Kat is the most obvious example, I think. In the beginning of the movie, she's sent to the office for disrupting class and informed that everyone thinks she's a "heinous bitch." This fits what little we've seen of Kat so far. She blares punk music, has little regard for the traditions of high school, spars verbally with everyone from the popular jock to the English teacher. She's sure as hell prickly. As the movie progresses, it's like we remove the mask. We begin to see the vulnerability underneath Kat's hard exterior. She denies vehemently to her sister Bianca that she cares what anyone thinks-- but she does. She's damaged by her mother's absence, by the scars that adolescence and high school leave behind. Kat is sensitive, though she'd be the last one to admit it, and under Patrick's understanding hand, she softens, transforms.

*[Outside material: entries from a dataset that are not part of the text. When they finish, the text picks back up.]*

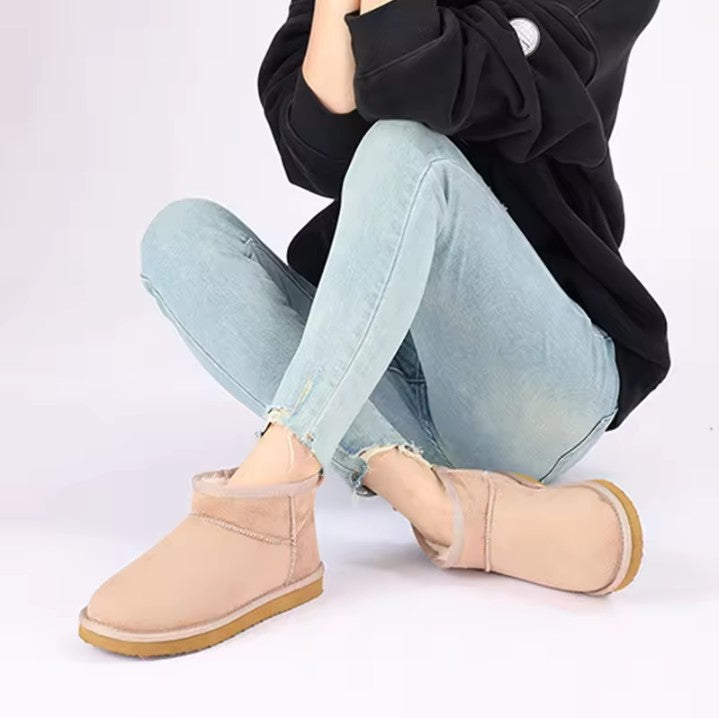 Bronoir™ Puffin - Winter Barefoot Shoes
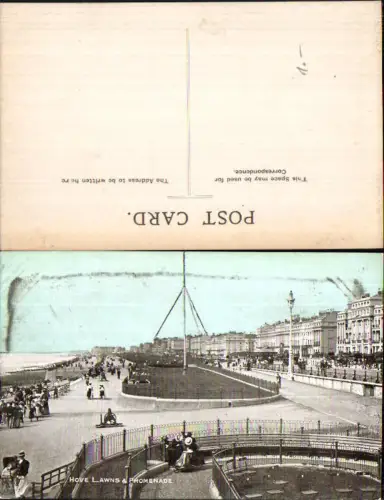 709611 Brighton Hove Lawns Promenade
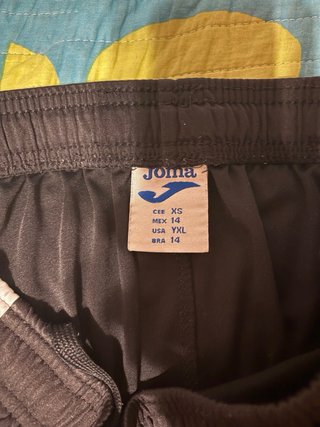 Pantalones Joma Negros Tenis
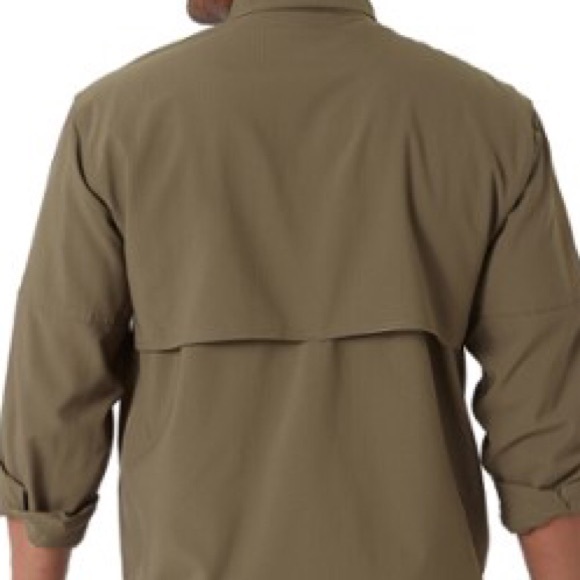 Royal Robbins gray light expedition shirt sz XXL - Picture 4 of 4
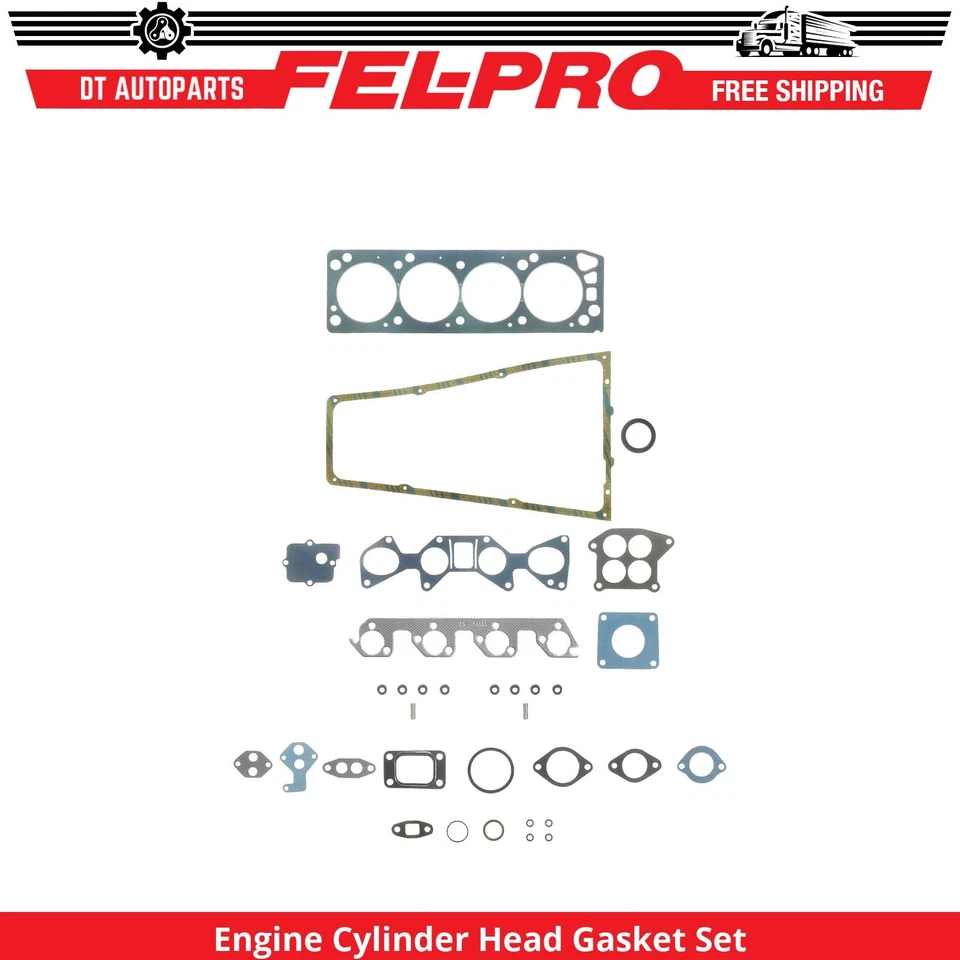 For 1985-1987 Ford Thunderbird 2.3L L4 Engine Cylinder Head Gasket Set Fel-Pro - Image 1 of 1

Patrick is another great example. As the movie opens, we meet brooding black-clad Patrick. He's a delinquent, we're informed by other students, and his own behavior doesn't contradict the assessment. He skips class, lights cigarettes in school, plays with fire, wields power tools at other students... He is that intriguing and terrifying student that a good girl like me never dared look in the eye in high school. Dangerous, yet seductive. Possibly psychotic. And he takes Joey's money to take Kat out on a date. This doesn't say much for his character. And yet, as the movie progresses, he begins to stand up for truth and integrity, effectively punishing Joey for his sleazebag ways, warming to Kat, protecting the two dweebs who set up this whole situation. As it turns out, the stories surrounding him are myth. He is not a delinquent, though he retains his rebellious charm, and he is the one character (besides perhaps Kat) in the entire movie who seems to truly care about others and what they want. It's truly shocking. Patrick's journey is less of a transformation and more of a reveal. A slow peeling back of the layers of myth and mystery and mystique surrounding him to reveal who he truly is: a deeply compassionate soul with a rebellious edge.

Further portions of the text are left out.